(Source data)
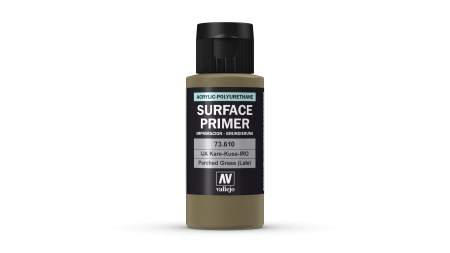 Vallejo Surface Primer - Vallejo 73610 - IJA-Kare-Kusa-IRO Parched Grass (late) 60ml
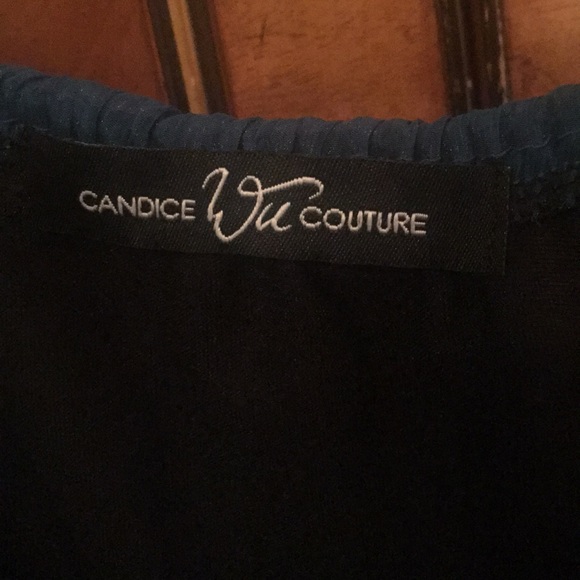 Dress blouse/tank - Picture 2 of 2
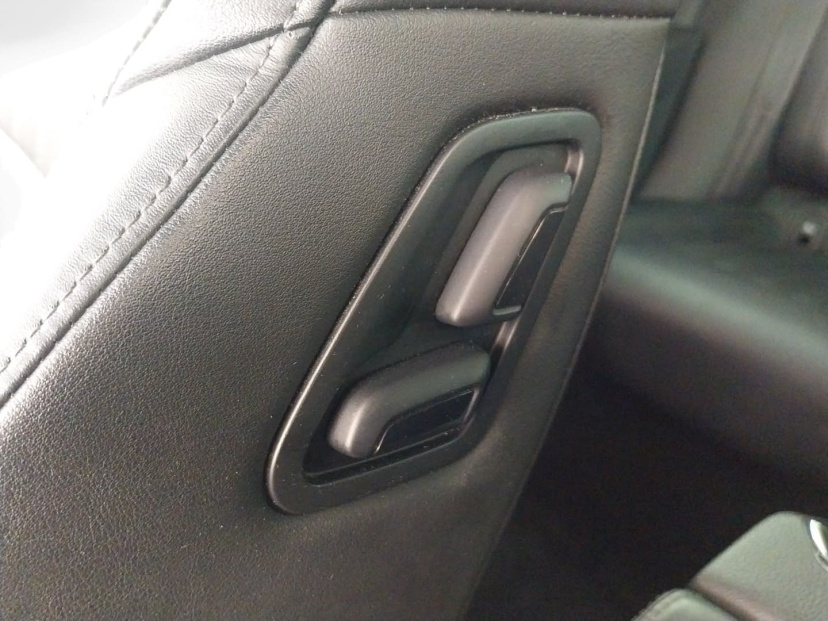 Škoda Superb, 2019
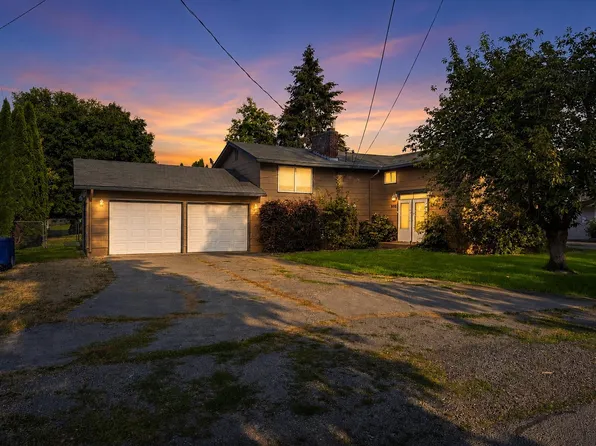 920-922 N Locust Rd, Spokane, WA 99206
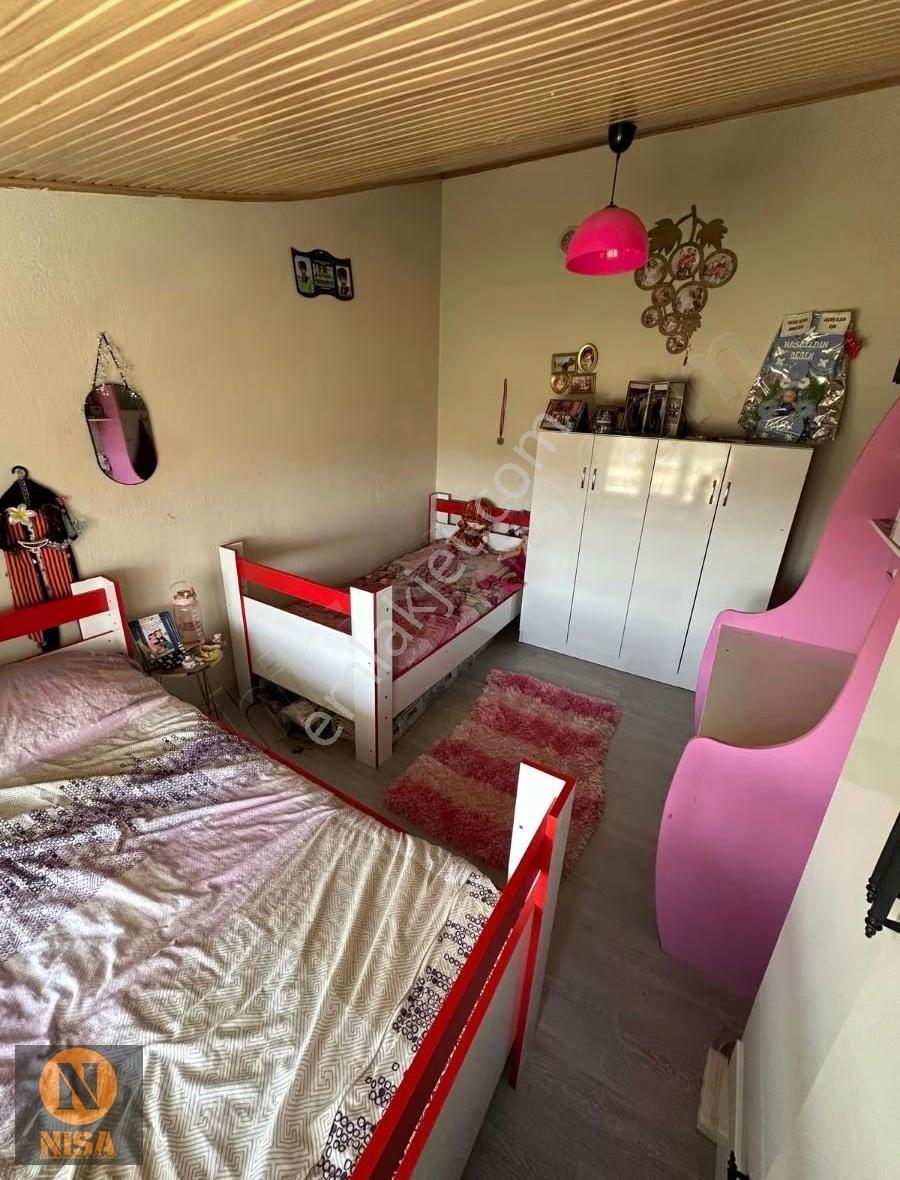 Nisa'dan 3 Katlı Satılık Müstakil Ev - Görsel 24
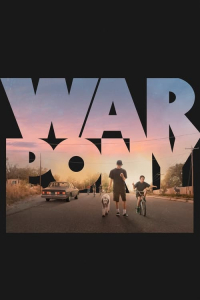 Nonton War Pony (2023) Sub Indo di Lk21 Poster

WORK TO COMPLETE:
Please repeat exactly the lines from the one containing "Škoda Superb, 2019" through the end of the entries, both included, omitting pictures.

REPLY TO THE TASK:
 Škoda Superb, 2019
 920-922 N Locust Rd, Spokane, WA 99206
 Nisa'dan 3 Katlı Satılık Müstakil Ev - Görsel 24
 Nonton War Pony (2023) Sub Indo di Lk21 Poster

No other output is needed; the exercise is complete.